Eisenberg's characters are more solidly constructed. Constructed totally out of cartoon forms - pears and spheres.
All the details fit snugly and in their perfect hierarchical place on the larger simpler forms.
Kelly's construction is not so tight. The features on his characters tend to float around.
On the other hand, he mixes in suggestions of actual anatomical forms. The mouse above has a skeleton, not just a line of action supporting him.
The dog below has suggestions of actual dog anatomy: his wrists, his spine
Eisenberg can draw elaborate BGs and in any perspective. His panels tend to be a lot more dynamic than Kelly's. - or anyone else's.Kelly tends to keep his characters staged left to right and is not as comfortable with perspective.
Both cartoonists use lines of action and opposing poses from their animation training, but Kelly's tend to be more subtle, His characters are more straight up and down. The principles are still there, but toned down. This is great if you can do it. Later cartoonists who might have admired Kelly could easily miss this aspect of his work and really eliminate any lines of action and opposing poses completely - as most cartoons and comics today.Subtlety is good, but tends to lead to a next generation of blandness.
The whole cartoon business by the 50s toned down it's earlier dynamic style in favor of characters who merely walk and talk. When the next generation of cartoonists grew up on these cartoons, they assumed that you don't need any poses at all and everything from then on was walking and talking and straight up and down characters.
Kelly is obviously capable of more dynamic posing and when his stories call for it, he does it - as in the page above.
Kelly also dabbles in soft little character scenarios like the page above. This is so Chuck Jones! Little cute bits of business between ignorant animals. Even the design of the characters is very Jones/Cannon early 40s. Right down to the loose construction. I wonder who influenced who.
Eisenberg, schooled by Joe Barbera on Tom and Jerry doesn't get into character so much and so focuses his creativity more on technical aspects of comic layout, dynamics, graphic page flow and strong character posing.
Kelly's characters are cuter - they have bigger eyes and pupils. For some reason, Harvey draws tiny little eyes which takes away some of the cartooniness and fun. McKimson did that too.
Both these cartoonists are top talents and have 90% of their approach in common. The 10% or so where they vary is where their personal styles happen.
On the surface the 2 styles look very different, but a lot of the appeal of both styles is that they have such great drawing skill supporting the individual differences.
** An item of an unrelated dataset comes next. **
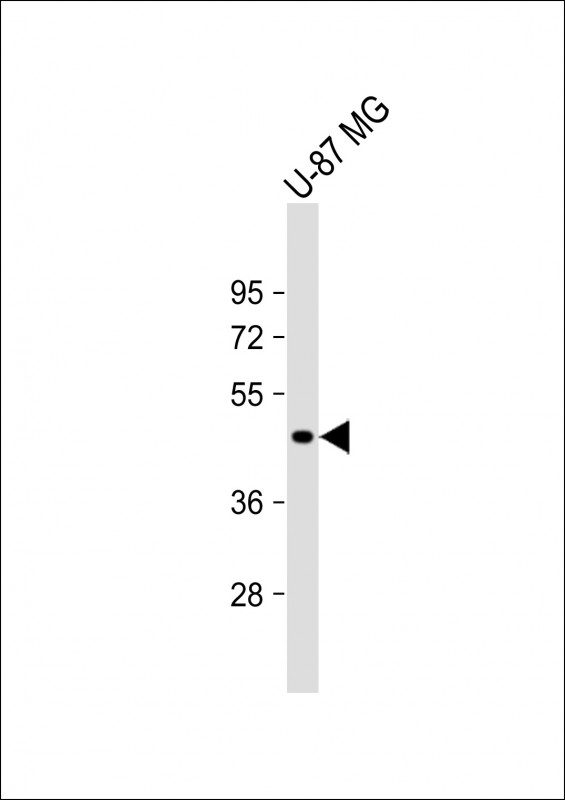 VAT1L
A lot of Kelly's style is in his inking. The drawings themselves don't deviate much from standard 40s cartoon style, but the finish really grabs your attention and seals the deal.
A lot of the appeal of any skill is the skill itself. Just the fact that someone can do something technically amazing- that most of humanity can't is entertaining. That's why there is such a big audience for the Olympics of for UFC. Each athlete may have his own own personal style, but if he doesn't win then it didn't do him much good.
This aspect of technical virtuosity is missing from today's popular entertainment, yet I meet plenty of cartoonists who think they have "a style" and want to be judged on their individuality. Usually this style is just a collection of ignorant mistakes or a superficial imitation of the latest decadent trend in executive-pleasing cartoons.
EISENBERG KEPT 40S PRINCIPLES ALIVE EVEN INTO THE 60S
By the 1960s most cartoons had become really stiff. Eisenberg's posing retained the line of action and opposing poses of classic cartoons.
The poses are more subtle in these comics, but still show extreme knowledge and control.